Although it is difficult to measure the full range of open source within Google, we can use some of the items listed on GitHub to collect some interesting data. Today, we have great influence on GitHub, a total of 84 organizations to join, creating a total of 3499 storage areas, of which 773 are created this year.
Google employees use a wide variety of languages, from Assembly to XSLT, then what language is their favorite? GitHub marked the largest use of a storage language, we can find the answer accordingly.

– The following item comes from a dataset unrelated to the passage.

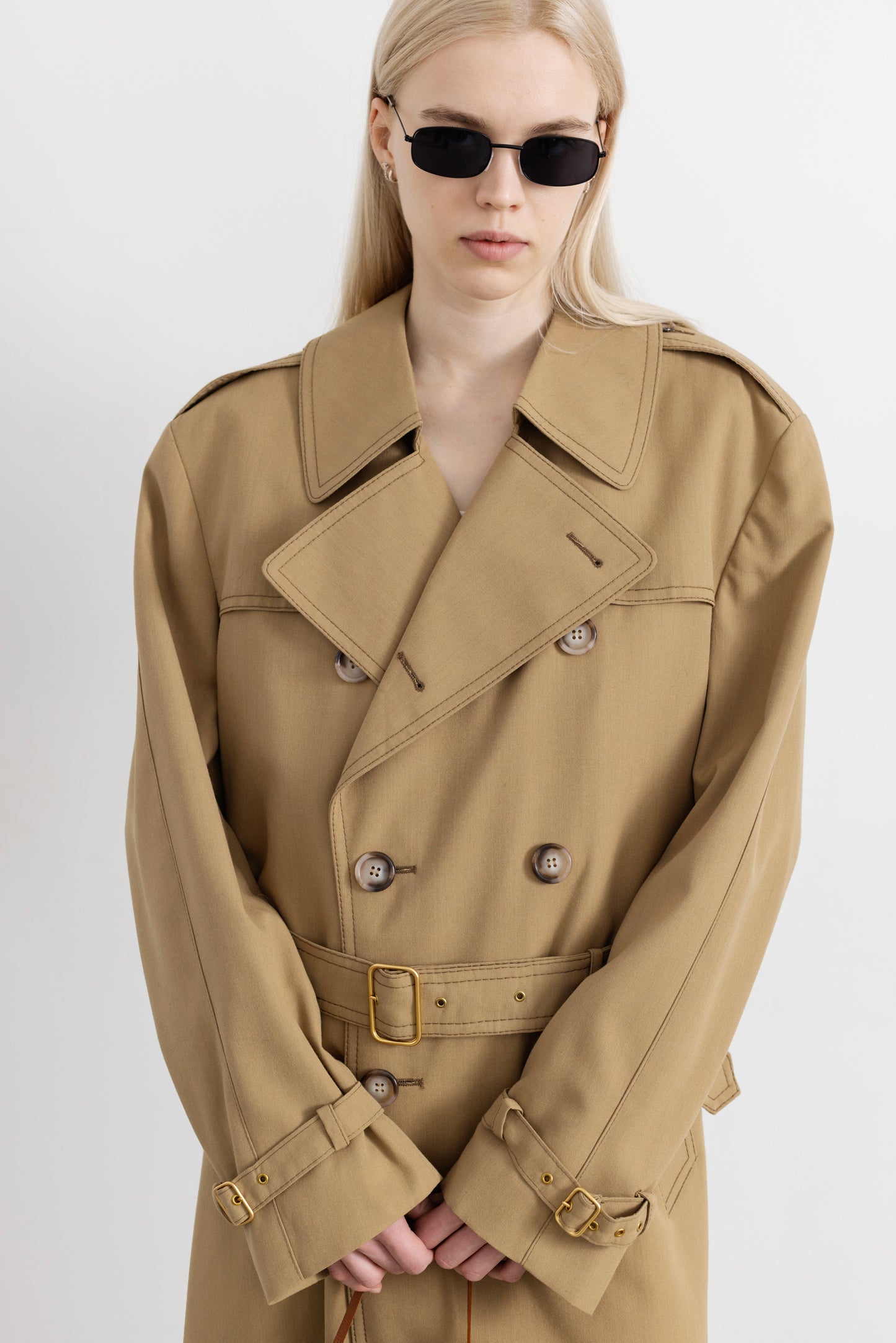 Vintage Camel Beige Trench Coat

The most common language for Googlers is:
C / C ++
Many of the data can be collected using open source GitHub data sets on BigQuery, such as comparison of tag and space usage, and the most popular Go packages. How do you analyze how many times Google employees submit open source projects on GitHub? We can search for Google.com email addresses to get Google employees a conservative number of submissions. Here is our query:
In this way, we learned that: Since the beginning of this year, Google employees in GitHub submitted a total of 142,527 open-source projects. This data set can be traced back to 2011, and we can adjust this query to find that since then, Google employees have submitted 719012 times. Again, this is only a conservative figure because it does not count toward committing at another email address.
Looking back on our open source project in 2016, we found that there are many exciting results. We released open source software, hardware and datasets. Check out some of the applications released this year.
Seesaw is a Linux-based virtual server (LVS) load balancing platform developed by our website reliability engineers using Go. Like many projects, Seesaw is just our own interest.
We need to be able to handle unicast and anycast VIP communication, using NAT and DSR (also known as DR) to perform load balancing, and back-end implementation of the full health check. Above all, we need a platform that we can easily manage, including automated deployment of configuration changes. & Rdquo;
Supplier Safety Assessment Questionnaire (VSAQ)
We evaluate the security of hundreds of suppliers every year, and we have developed a process to collect most of the preliminary information through VSAQ automation. Many vendors found our survey questionnaires intuitive and flexible, so we decided to share these questionnaires. The VSAQ framework includes four extensible questionnaire templates covering network applications, privacy initiatives, infrastructure, and physical security and data center security.
OpenThread, released by Nest, is a complete implementation of the Thread protocol, which applies to interconnected devices in the home. We are currently in this area to see the fragmented information, so this implementation is particularly important. OpenThread development is supported by ARM, Microsoft, Qualcomm, Texas Instruments and other large vendors.
Can we use machine learning to create fascinating art and music? This is the problem that has given Magenta vitality, built by the Google Brain team based on TensorFlow. The goal is to advance the level of machine intelligence to the age of music and the arts, and to form a collaborative community of artists, programmers, and machine learning researchers.
Without real-time audio, virtual reality (VR) can not achieve a true immersive experience, and much of VR's work is done on a dedicated platform. Omnitone is an open library built by members of the Chrome team that brings spatial audio to the browser. Omnitone is built on the standards-based Web Audio API and is designed to provide an immersive experience that can be used with projects such as WebVR.
Today, smartphones are integrated with sensors that tell us interesting information about the world around them. We launched the Science Journal program to help teachers, students, and general researchers make the most of these sensors.
Cartographer is a library that supports real-time simultaneous positioning and mapping (SLAM) in 2D and 3D modes with the support of the Robot Operating System (ROS). The library integrates the data from each sensor to compute the location and map surroundings information. This is a key element in autopiloting, unmanned vehicles and robots, and is part of a well-known indoor map of buildings.